* **Short text fragments from websites**
►
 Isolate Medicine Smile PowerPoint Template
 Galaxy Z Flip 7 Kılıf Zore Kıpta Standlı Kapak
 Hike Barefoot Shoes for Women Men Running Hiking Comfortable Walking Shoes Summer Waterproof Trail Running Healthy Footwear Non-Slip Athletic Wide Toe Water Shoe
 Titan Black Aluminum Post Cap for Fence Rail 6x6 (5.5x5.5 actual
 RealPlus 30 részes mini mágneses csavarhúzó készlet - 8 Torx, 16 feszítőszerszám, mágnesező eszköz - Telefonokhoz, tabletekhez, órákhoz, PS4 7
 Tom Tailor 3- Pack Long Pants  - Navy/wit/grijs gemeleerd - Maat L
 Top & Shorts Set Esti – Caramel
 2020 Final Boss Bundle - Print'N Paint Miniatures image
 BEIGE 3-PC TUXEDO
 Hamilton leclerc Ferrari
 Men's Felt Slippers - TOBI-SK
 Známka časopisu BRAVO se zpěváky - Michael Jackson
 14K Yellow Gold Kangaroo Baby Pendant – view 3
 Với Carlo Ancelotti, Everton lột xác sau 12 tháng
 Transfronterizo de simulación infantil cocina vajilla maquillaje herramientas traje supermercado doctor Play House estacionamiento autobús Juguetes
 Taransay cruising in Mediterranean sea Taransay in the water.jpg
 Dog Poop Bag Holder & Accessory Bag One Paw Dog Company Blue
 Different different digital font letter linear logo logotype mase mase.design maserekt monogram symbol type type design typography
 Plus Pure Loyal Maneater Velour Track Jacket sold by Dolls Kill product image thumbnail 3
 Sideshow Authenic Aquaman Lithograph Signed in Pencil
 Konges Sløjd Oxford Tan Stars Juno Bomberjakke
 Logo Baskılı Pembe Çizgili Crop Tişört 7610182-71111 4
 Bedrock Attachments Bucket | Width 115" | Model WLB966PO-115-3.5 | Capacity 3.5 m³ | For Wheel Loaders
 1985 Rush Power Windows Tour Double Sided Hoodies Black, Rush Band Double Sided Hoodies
◄
* **Your objective**
From the data, list each line in which the string "Black" appears.

* **Response to the task**
 Titan Black Aluminum Post Cap for Fence Rail 6x6 (5.5x5.5 actual
 1985 Rush Power Windows Tour Double Sided Hoodies Black, Rush Band Double Sided Hoodies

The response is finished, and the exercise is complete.